## Action item
Reproduce exactly the lines from the one that holds "Pre-owned Hermes Constance" through the last line of the entries, both ends included, but not the pictures.

## Data provided
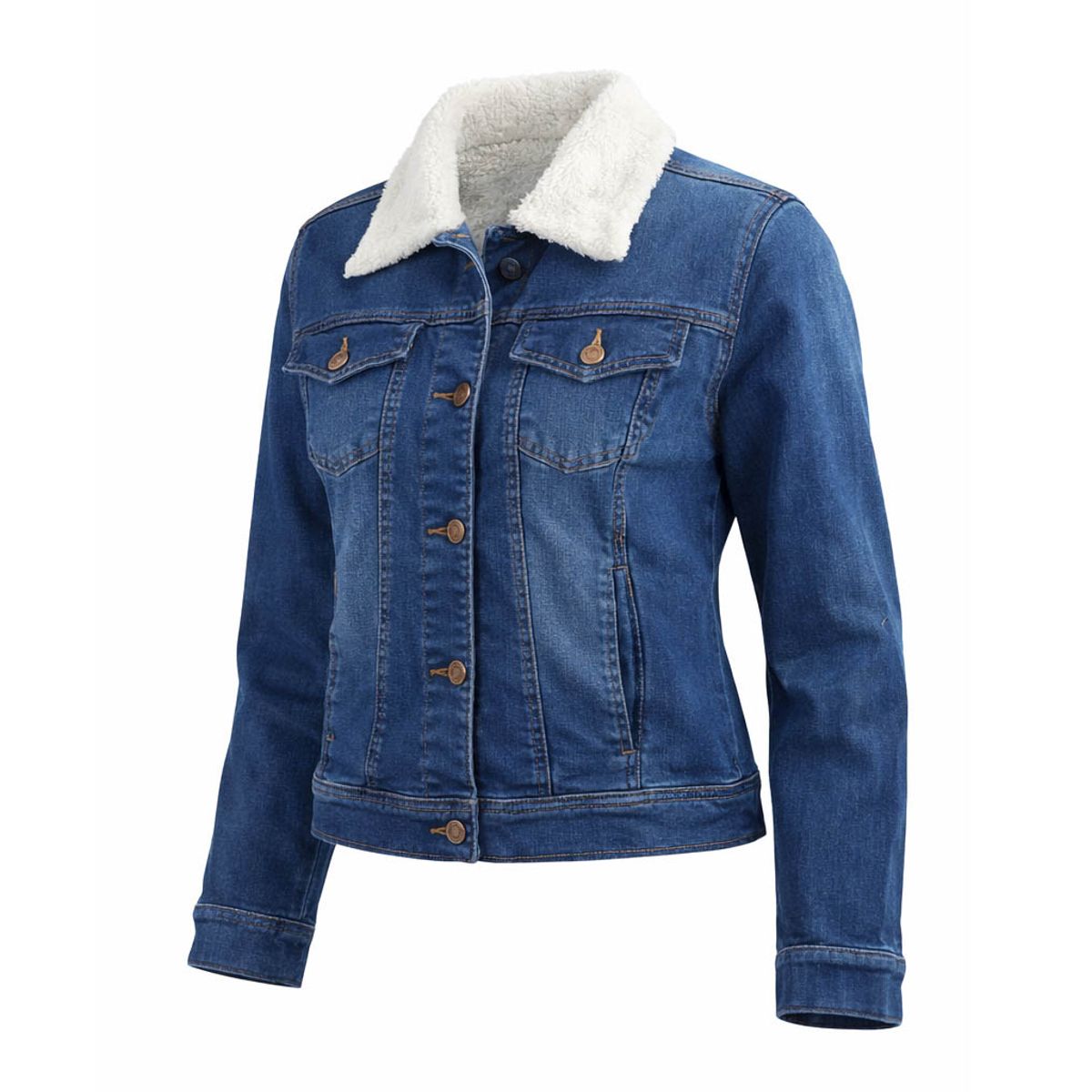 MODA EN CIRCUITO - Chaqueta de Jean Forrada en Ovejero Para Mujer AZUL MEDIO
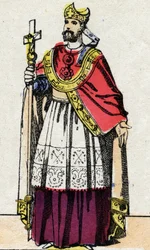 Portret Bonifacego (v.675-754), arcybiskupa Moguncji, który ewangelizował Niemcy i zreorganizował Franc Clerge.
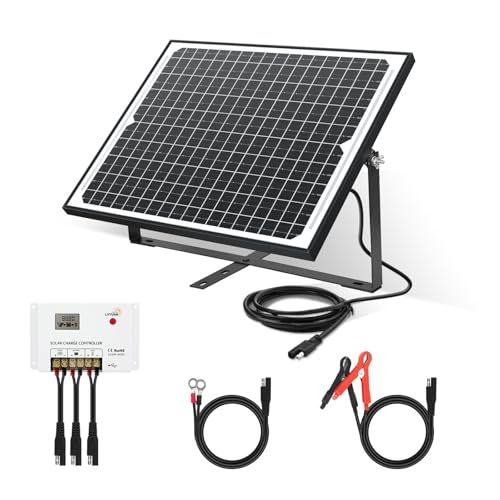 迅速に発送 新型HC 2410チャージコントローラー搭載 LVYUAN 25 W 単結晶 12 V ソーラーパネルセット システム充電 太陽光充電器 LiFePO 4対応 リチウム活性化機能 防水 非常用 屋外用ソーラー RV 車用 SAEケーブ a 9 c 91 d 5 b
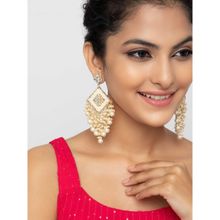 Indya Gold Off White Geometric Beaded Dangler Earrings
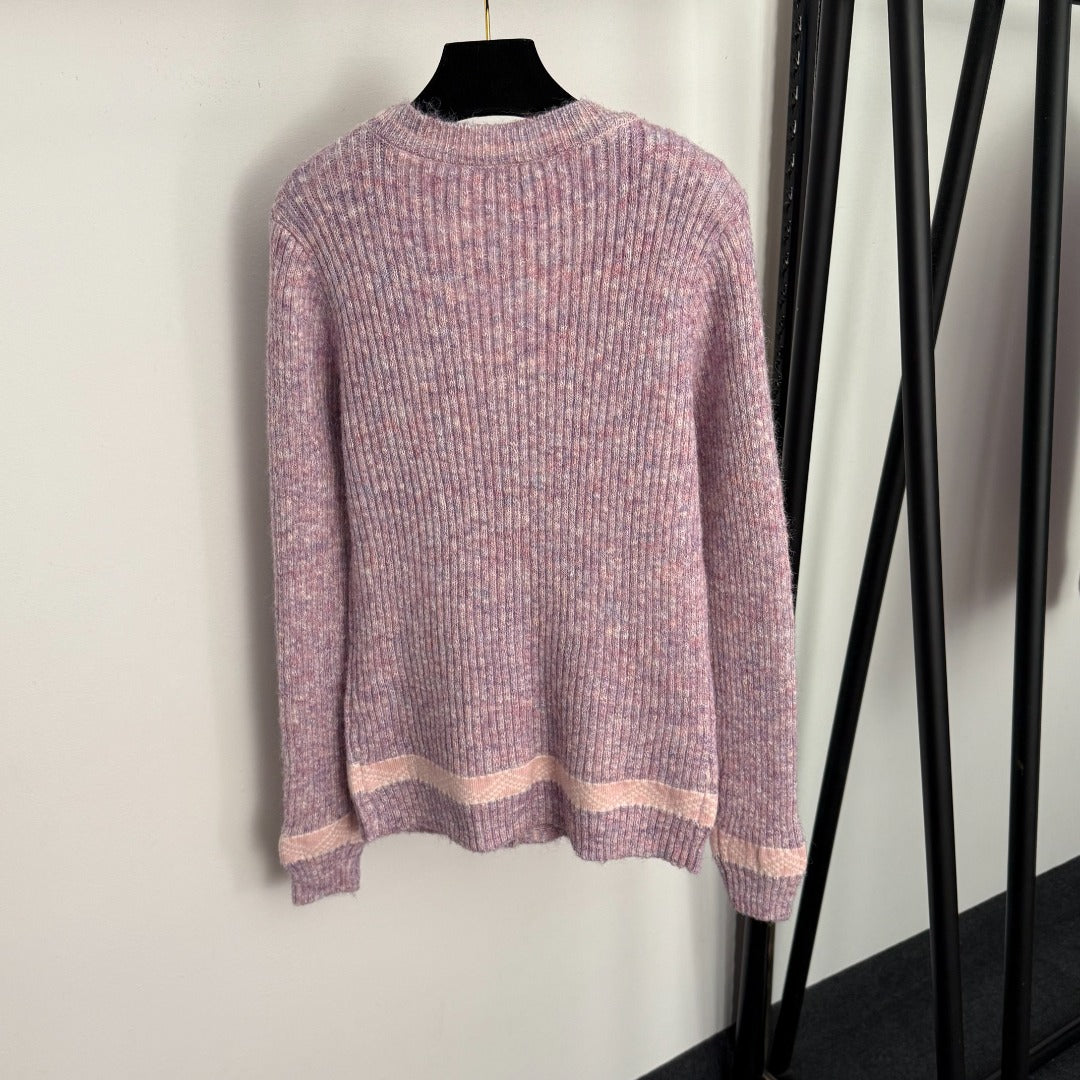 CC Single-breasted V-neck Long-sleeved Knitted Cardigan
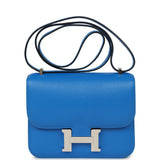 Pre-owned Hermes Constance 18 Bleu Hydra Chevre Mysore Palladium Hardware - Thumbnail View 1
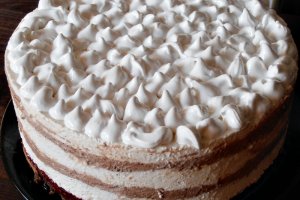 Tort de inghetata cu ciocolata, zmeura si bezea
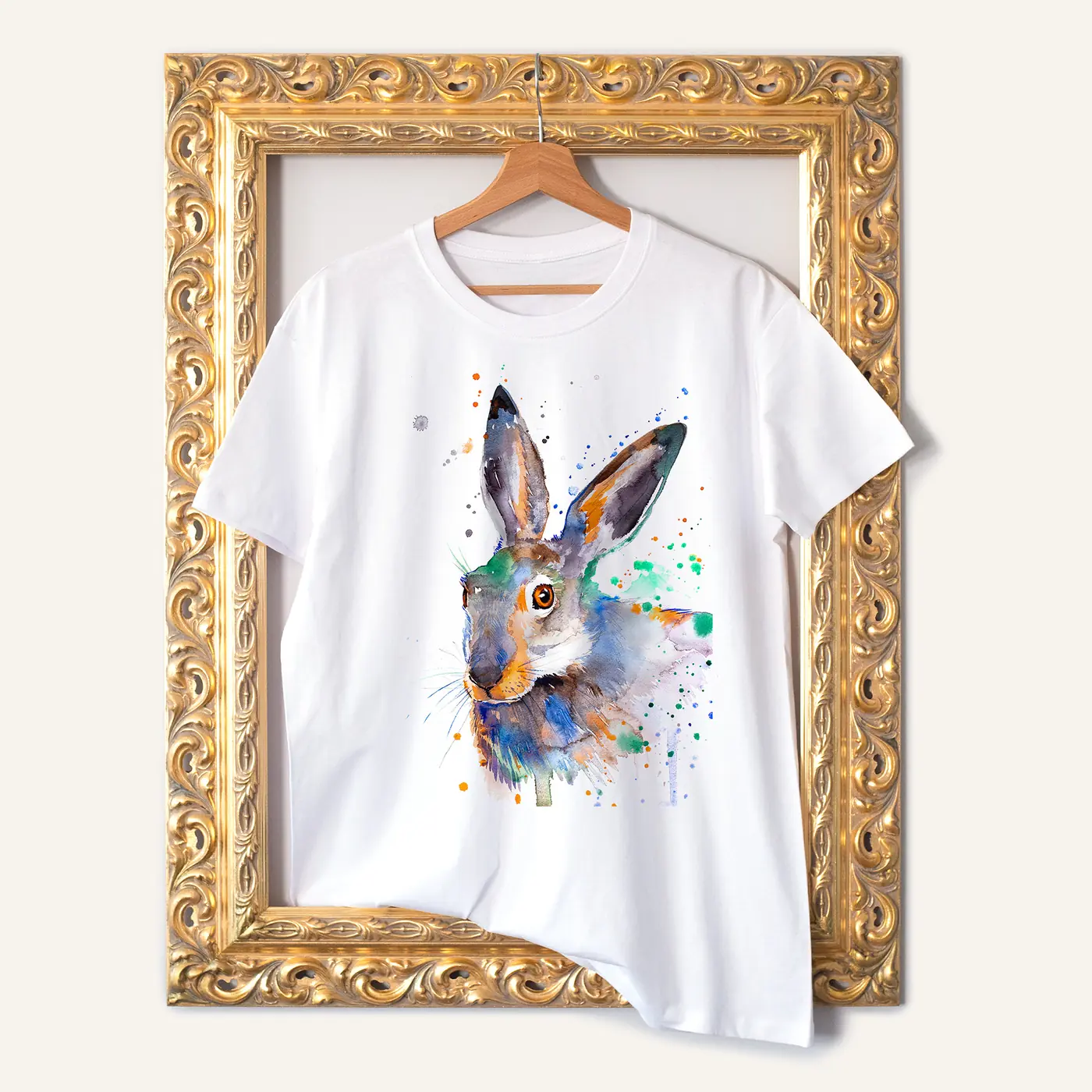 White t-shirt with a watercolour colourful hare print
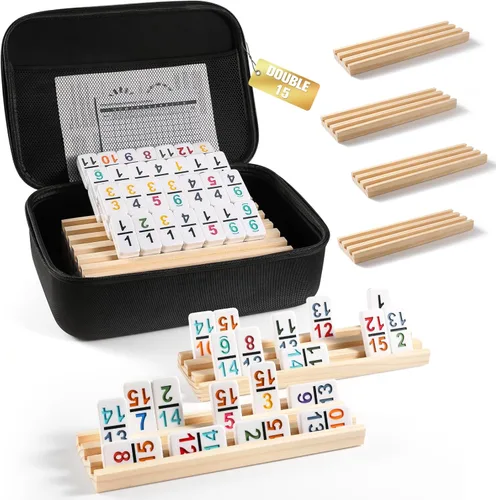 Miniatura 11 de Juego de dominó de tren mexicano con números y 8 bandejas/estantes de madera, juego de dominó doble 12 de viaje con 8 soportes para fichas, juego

## Result for this exercise
 Pre-owned Hermes Constance 18 Bleu Hydra Chevre Mysore Palladium Hardware - Thumbnail View 1
 Tort de inghetata cu ciocolata, zmeura si bezea
 White t-shirt with a watercolour colourful hare print
 Miniatura 11 de Juego de dominó de tren mexicano con números y 8 bandejas/estantes de madera, juego de dominó doble 12 de viaje con 8 soportes para fichas, juego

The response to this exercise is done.